The Lamborghini's late owner was no stranger to sports and racing cars, as he won the Swiss Amateur Championship in a BMW 328 in 1937 in the sports car class, racing at Maloya, Montreux Caux, Klausen and Rheineck Walzenhausen, among others. He held the track record for the mountain race at Rheineck Waldhausen, which remained unbroken for many years after the war.

A serial owner of high end sports cars, he met the Swiss Lamborghini importer Karl Foitek at the Geneva Motor Show; deciding between an Aston Martin DB6 and this Lamborghini 400GT 2+2, he opted for the latter and the car would remain for more than 50 years in the family. An engineer and entrepreneur himself, he felt more attracted by the Lamborghini and admired Ferruccio Lamborghini's ability to produce such high-end sports cars within a short time frame, and which, in his opinion, were more advanced, more powerful and at the same time more reliable than the longer established competition of Ferrari and Maserati. The car's V12 engine was very flexible, and in combination with the all-synchro five-speed gearbox and easy to operate re-circulating ball steering, made light work of the Swiss roads and mountain passes. The car was first serviced by Garage Foitek AG and then by Garage Speich AG in Zurich, and has passed the stringent technical test for the Veteranenstatus of the Zurich canton. Importantly, the car has always been registered and in use throughout.

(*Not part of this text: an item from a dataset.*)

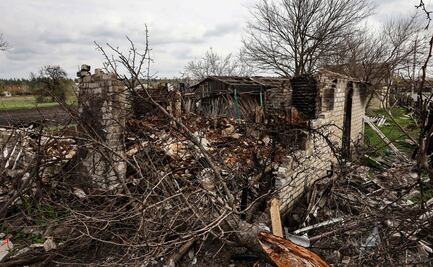 Reportan nueva jornada de ataques rusos en este y sur de Ucrania y a la planta siderúrgica de Azovstal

These stunning Gran Tursimo Lamborghinis rarely come to the market, and there can be few, if any, more desirable than this beautiful, un-restored example, which exudes the most charming patina. As we often say, they are only original once...

This 400GT 2+2 is ready to be enjoyed by next owner, only its third in over 50 years, and comes with copies of the aforementioned original invoices, original owner's manual (in Italian), original warranty card and original Declaration of Conformity (signed by Lamborghini) as well as current Swiss Fahrzeugausweis.